Gesturing Towards Intimacy: An Interview with Janice Lee


The Sky Isn't Blue Janice Lee

The first time I met Janice Lee was at an off-site AWP reading in Seattle. She was wearing a black leather jacket and looked cool and tough as fuck, and was there to read from the chapbook she co-wrote with Will Alexander, The Transparent as Witness (from Solar Luxuriance). Over the years since (and before!) I’ve run into Janice online and IRL many times, all of which attest to her way-of-being-in-the-world: cool and tough as fuck as her leather jacket promised, and also generous, supportive, and constantly working on her own books while also engaging with and helping sustain literature in her community. We talked over email about her book The Sky Isn’t Blue (CCM 2016), colors and textures, and how everything is everything– plus a brand new excerpt from her novel-in-progress, Imagine a Death.

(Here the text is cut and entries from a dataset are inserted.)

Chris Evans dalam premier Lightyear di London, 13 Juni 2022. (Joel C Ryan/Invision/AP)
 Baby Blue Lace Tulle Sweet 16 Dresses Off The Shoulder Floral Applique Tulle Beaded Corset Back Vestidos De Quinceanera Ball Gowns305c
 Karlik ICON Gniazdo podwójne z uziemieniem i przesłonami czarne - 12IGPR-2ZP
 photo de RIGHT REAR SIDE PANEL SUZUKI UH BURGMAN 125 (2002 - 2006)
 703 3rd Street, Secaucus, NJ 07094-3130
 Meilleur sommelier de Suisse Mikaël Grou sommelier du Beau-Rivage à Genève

Janice Lee is the author of KEROTAKIS (Dog Horn Press, 2010), Daughter (Jaded Ibis, 2011), Damnation (Penny-Ante Editions, 2013), Reconsolidation (Penny-Ante Editions, 2015), and most recently the essay collection The Sky Isn’t Blue (Civil Coping Mechanisms, 2016). She currently lives in Los Angeles and is Editor of the imprint #RECURRENT for Civil Coping Mechanisms, Founder & Executive Editor of Entropy, Assistant Editor at Fanzine, and Co-Editor (w/ Maggie Nelson) of SUBLEVEL, the new online literary magazine based in the CalArts MFA Writing Program. She can be found online at janicel.com.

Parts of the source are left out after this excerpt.